Modern CPUs can operate on vectors (array of primitive types) as a unit rather than individual elements. Vector instructions involve loading multiple values at once operating on them in a single instruction and then storing them. These instructions are known as SIMD (Single Instruction, Multiple Data). The popular extensions of SIMD are SSE, AVX and there extensions.

SIMD instruction can usually operate on 8 32-bit or 4 64-bit values at once and thus can make a program really faster. Typically compilers, take care of this.

Caching

Caches are usually taken for granted by the programmers. The code you write typically has a great impact on whether there will be effective caching or not.

Taking an example from github

func ColumnTraverse() int {
var ctr int

for col := 0; col < cols; col++ {
for row := 0; row < rows; row++ {
if matrix[row][col] == 0xFF {
ctr++
}
}
}

return ctr
}

func RowTraverse() int {
var ctr int

for row := 0; row < rows; row++ {
for col := 0; col < cols; col++ {
if matrix[row][col] == 0xFF {
ctr++
}
}
}

return ctr
}

Both of these functions are doing the same thing and have the same asymptotic complexity. If you run the benchmarks, you’ll find out that RowTraverse is usually 4 times faster than ColumnTraverse.

This is because row traverse utilises the value already in cache but ColumnTraverse has to fetch a value from memory on each comparison.

You can read more on caching in my article

Branch Prediction

Modern CPUs do not stop when they see a branch (i.e. a if else type of condition). Instead they speculatively execute the next instruction assuming the branch is taken or not. The result is only committed when it’s determined if the prediction was correct or not. In case of a mis-prediction, the CPU discards the results and starts executing the instructions from the first statement after branch. This miss generally causes a penalty of 5–10 ns apart from the additional overhead of executing more instructions.

If your program toggles a lot between if-else then the branch mis prediction penalty will take a toll on your performance. Best way to avoid this is to use as few branches as possible and if absolutely necessary, make them predictable (e.g. sorting the values before comparison).
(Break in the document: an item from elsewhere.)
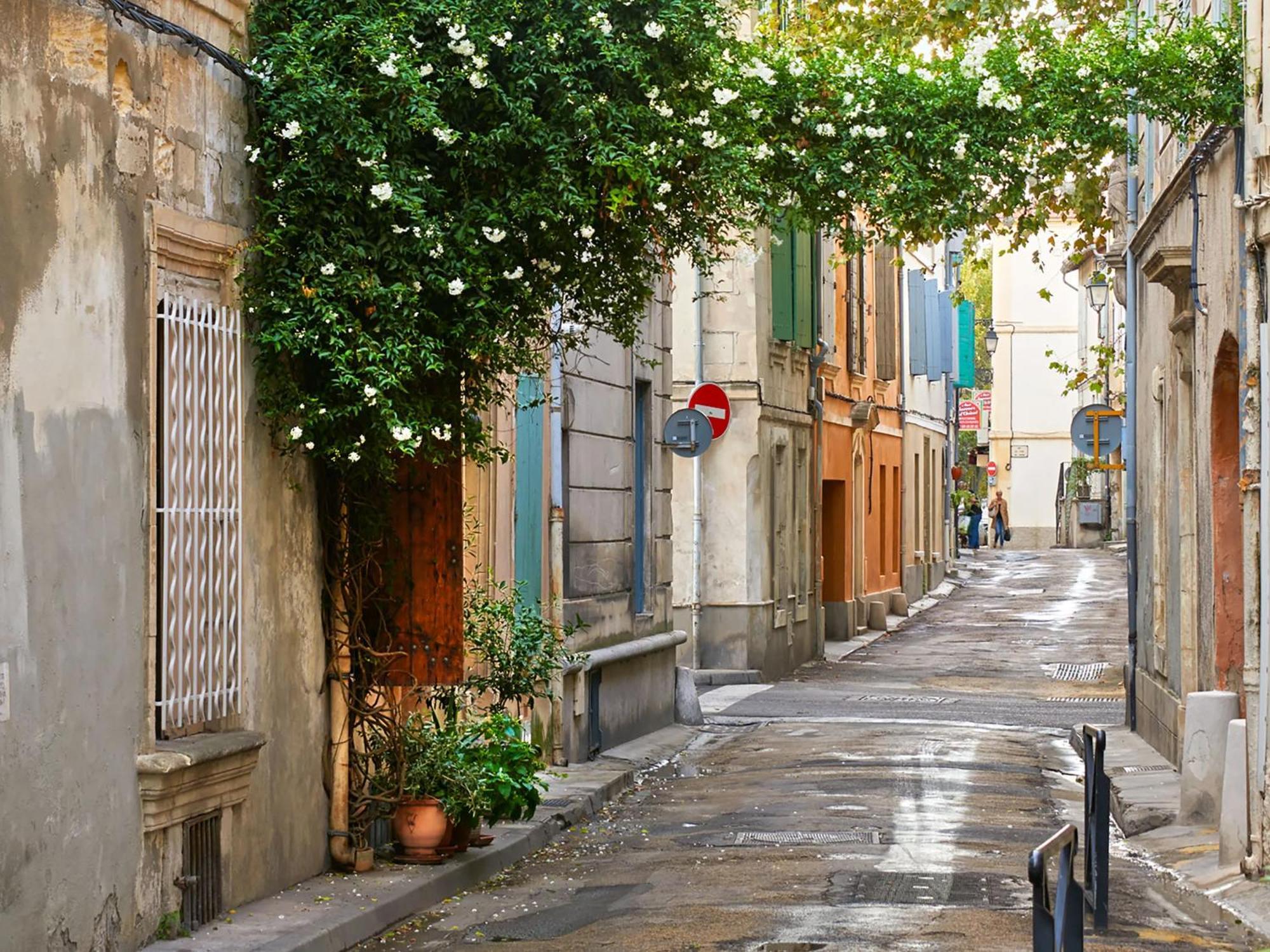 Hebergements Modernes & Cosy A Arles T3 Et T2 Elegants Bagian luar foto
Concurrency != Parallelism

You increased the number of threads from 10 to 100 and your program’s performance got worse. Why would that happen?

The problem is the CPU. It only has a limited number of cores to support parallel operations. When seems to happen in parallel in application is generally the processor rapidly switching between the threads. However, that switch is costly because it involves copying PC, SP and all the registers in the memory/cache back and forth.
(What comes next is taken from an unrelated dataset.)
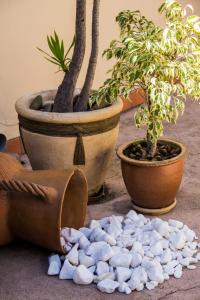 a group of potted plants and rocks on the ground at Casa Mia Guesthouse in Table View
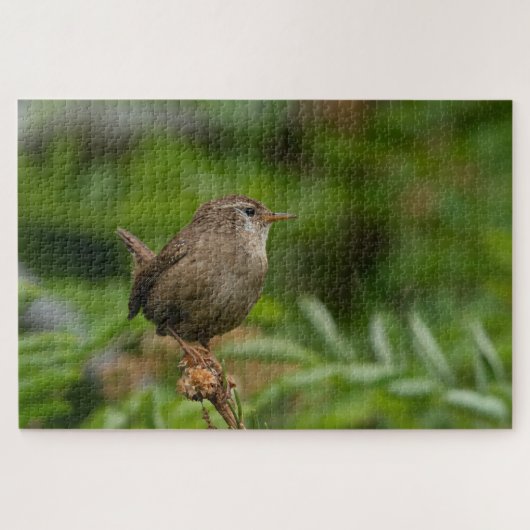 Puzzle Wren (Royaume-Uni) (Horizontal)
If you have a large number of threads, CPU will spend most of the time just juggling between these threads rather than executing the actual instructions. Modern languages try to tackle this by multiplexing large number of abstractions (such as goroutines) over a few OS threads.

Mutex

If you achieve optimal concurrency, but you are using locks to synchronise data structures, you still won’t notice as much performance gain as it should be.

It’s because a simple mutex lock/unlock takes about 25ns. This doesn’t seem like a lot but once you are running your program for 10 million RPM, this 25ns becomes 250ms which is a lot.
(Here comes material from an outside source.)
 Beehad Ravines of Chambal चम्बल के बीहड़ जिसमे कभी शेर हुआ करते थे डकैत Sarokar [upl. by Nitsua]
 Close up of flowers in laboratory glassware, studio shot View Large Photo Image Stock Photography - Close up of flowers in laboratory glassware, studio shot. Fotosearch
One of the easiest way to avoid mutex is to have thread local data structures. If you need to share data between threads, use lockless communication techniques (e.g. channels in goroutines) rather than shared memory DS.

Memory references

Memory references shouldn’t be used unless they are absolutely needed. Compilers usually avoid doing optimisations on memory references as it can have unprecedented implications.

func AddPointers(x *int, y *int){
*x += *y
*x += *y
}

A simple optimisation compiler should do is to make it *x = 2* (*x) + *y thus reducing the number of instructions.

However, if x and y point to the same variable, the AddPointers will give the output 4(*x) while the optimisation will give 3(*x) which is incorrect. Compilers play safely when they encounter such scenarios and will avoid any optimisation.

There are many more techniques that can be applied such as kernel bypass, avoiding inter-core communications etc. But those don’t satisfy the criteria of being simple. I’ll talk about those in detail in another article.